Pedalar é uma cachaça

Quando se destila cachaça o vapor se liquefaz em três etapas, como quase tudo neste mundo. Aliás, a vida é um grande alambique. Primeiro surge a “cabeça”, muito ácida; depois o “coração”, que faz o homem sorrir, e a “cauda” muito tóxica. Em um bom alambique só se torna cachaça a parte nobre, o “coração”, a alma da bebida. Mas a cachaça tomada nos botequins geralmente aproveita tudo e ela desce ardente e o freguês faz cara feia. (as fotos são do fotógrafo João Bosco C Reis)

O mesmo acontece em uma pedalada longa. Começa com euforia, não se percebe o esforço e a paisagem passa ligeira sob a força vigorosa das pernas. Essa parte é quase perdida, é a “cabeça”. Depois de uma hora começa a etapa do “coração”. A adrenalina corre forte nas veias, o coração está feliz, “embriagado”, e a conversa corre solta entre as bicicletas.

Assim foi nesta sexta-feira de São Jorge, 23/04/2010. Saímos para Santa Isabel do Rio Preto e pouco antes entramos à direita seguindo a trilha do Chifre ou da Rocha Negra. O jovem Gilson acompanhava o bate-papo meu com João Bosco. Falávamos de tudo e de todos. Em certo momento comentei o que estou lendo do pensador Arthur Schopenhauer sobre a vida. O filósofo disse em seu livro O Mundo como Vontade e Representação (vol IV) que somos o presente. Não adianta ficar preso ao passado, acontecimentos e pessoas. Tentar reatar uma antiga amizade dá um travo amargo de aguardente ruim. Nem é bom antecipar quem vamos ser. Somos o que estamos vivendo, o jeito que temos neste momento é o que vale, somos o agora.

E a paisagem desfilava devagar diante de nossos olhos ávidos. Coisas belas que a Natureza realizou com forças tremendas. O que é hoje não foi igual há 10.000 anos nem será daqui há outros 10.000. As horas passavam devagar nos dando tempo para cimentar uma boa amizade. Veio o almoço gostoso e voltamos a pedalar.

É hora da “cauda”. O corpo está moído, todos os músculos reclamam, o peito arfa, e só com muito controle conseguimos respirar da maneira certa: profunda, enchendo pulmões e abdome e soltando devagar. Bom se a pedala fosse só o “coração”, a parte boa. Mas, como no dia a dia, “entornamos” a bagaceira misturada, o bom e o mau.

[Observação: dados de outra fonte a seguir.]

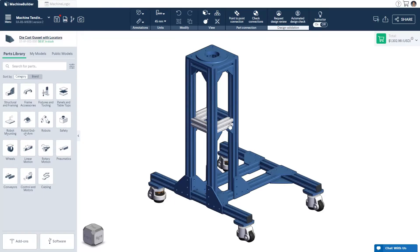That wraps up our overview of the part placement features available at Vention's Machine Builder. Thank you for watching and happy designing!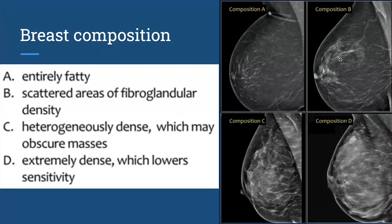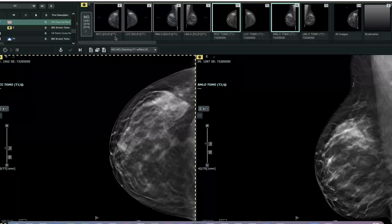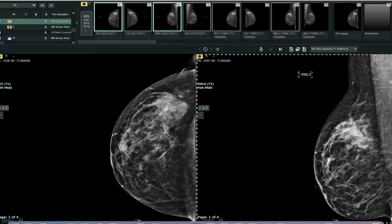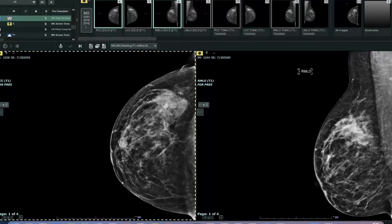I want to show you an example case where the 3D tomosynthesis mammograms can help us see a little bit better through your normal dense breast tissue. This is the case of a woman who had a bilateral screening mammogram. I'm showing you just the right breast images here. This is the 2D mammogram, and the patient was brought back from her screening mammogram for two question findings in the right breast.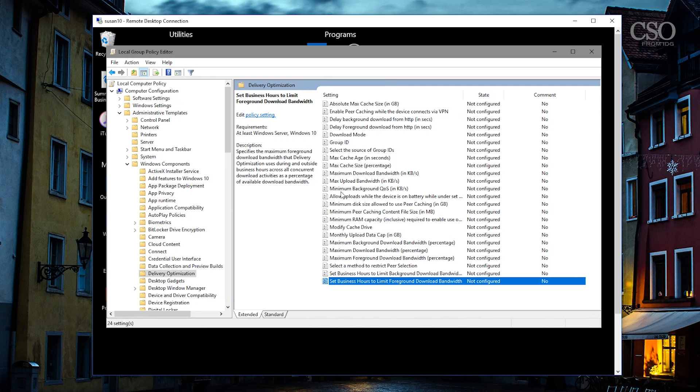So take a look at those. Check them out. Give it a try. And that's delivery optimization in Windows 10.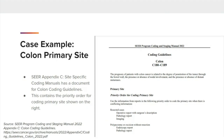In the SEER 2022 manual, Appendix C, site-specific coding manuals, under the colon section, there is a document for colon coding guidelines which contains the priority order for coding primary site, shown on the right. When there is conflicting information, the first priority goes to the operative report with the surgeon's description, followed by the PATH report and imaging for resected cases. In cases where there is a polypectomy or excision only without a resection, the first priority goes to the endoscopy, most commonly a colonoscopy report.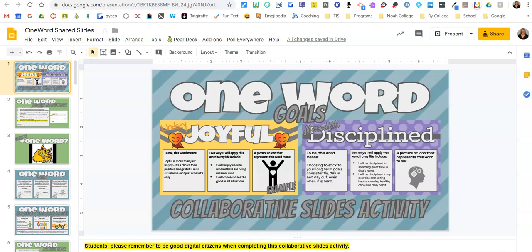To use this one-word collaborative slides activity with your students, this video will show you how to set it all up.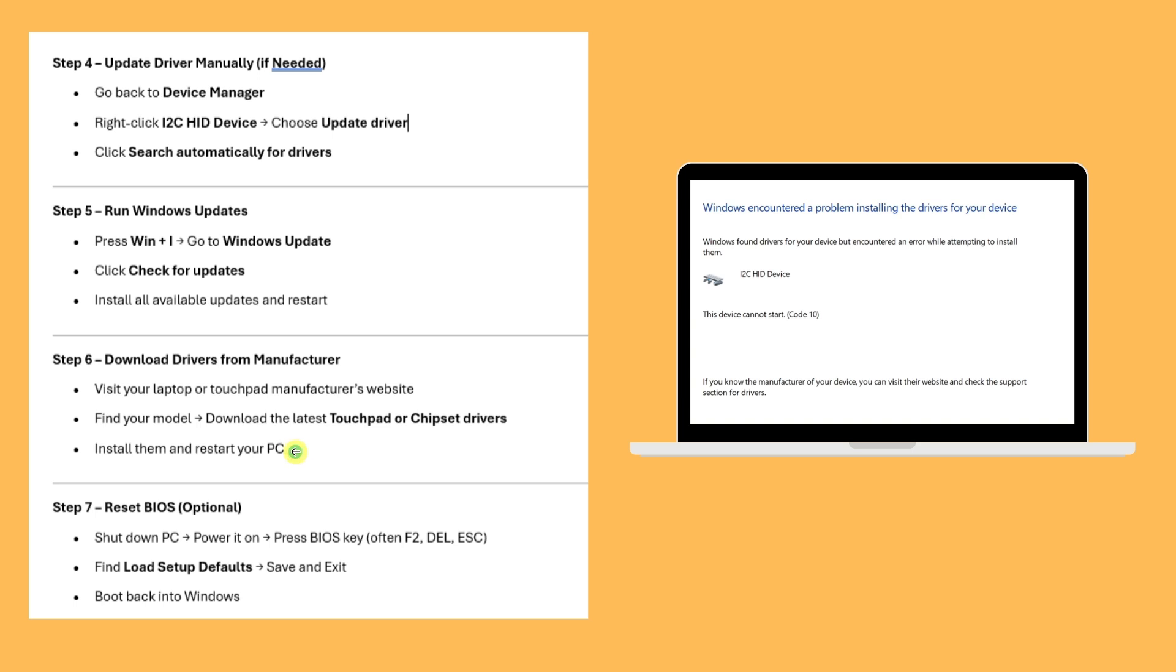Step seven: Reset BIOS (optional). Shut down your PC, power it on, press the BIOS key, find Load Defaults, save and exit, then boot back to Windows. That's it!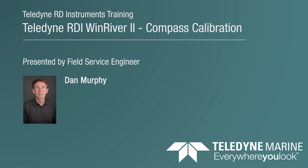Welcome to the Wind River II Compass Calibration training course. My name is Dan Murphy and I work in the field service department at Teledyne RD Instruments.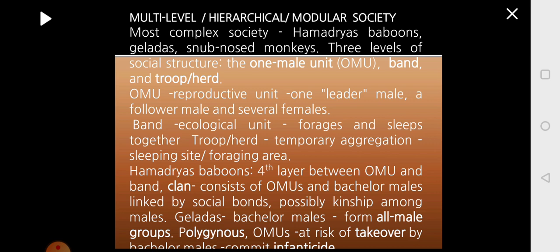Then you have the most complex society found in primates, called multi-level society, hierarchical society, or modular society. This is found in the hamadryas baboon, gelada, and snub-nosed monkey. In this society there are three levels in the social structure: one is the one-male unit, second is the band, and third is the troop or herd. The one-male unit is a reproductive unit where there is a single male as leader, followed by many other males and several females.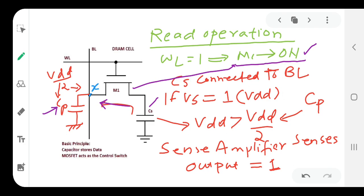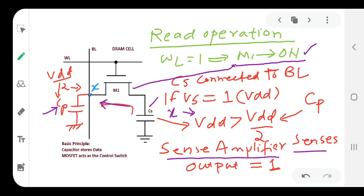If VS equals 1 (VDD), at point X on the bit line the collective voltage is sensed. VDD from the storage capacitance is greater than VDD/2 from the pre-charge capacitor. The sense amplifier detects this higher voltage — greater than VDD/2 — and outputs a '1'. Therefore, the storage capacitor being charged is read as logic 1.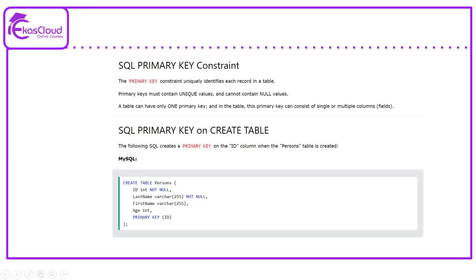SQL primary key on CREATE TABLE. The following SQL creates a primary key on the ID column when the person table is created. The MySQL syntax is shown below.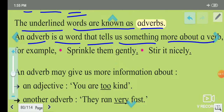An adverb modifies a verb. The word that says something more about a verb is called an adverb. So adverbs add more meaning to the verb in a sentence.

quarta-feira, abril 21, 2010

E quem ouve diga: vem!
Quando comemoramos seis anos de existência do Clube Bike Adventure fizemos uma bela confraternização. Os primeiros adeptos lembraram aquela meia dúzia que se transformou em centenas. No livro O Vendedor de Sonhos dá a quem foi chamado para uma atividade a seguinte missão que nós do Clube Adventure temos obedecido: "Dialoguem com as pessoas. Perguntem, a quem encontrarem pelo caminho, no que lhes podem ser úteis. Não invadam sua privacidade e não controle ninguém. Enxergue-as como elas se vêem. Sejam solidários, generosos e solícitos. Lhes garanto que ambos sairão muito mais humanos e muito mais fortes".
É assim mesmo que me sinto, durante uma pedalada, quando passo por um ciclista e grito: ei, vem com a gente!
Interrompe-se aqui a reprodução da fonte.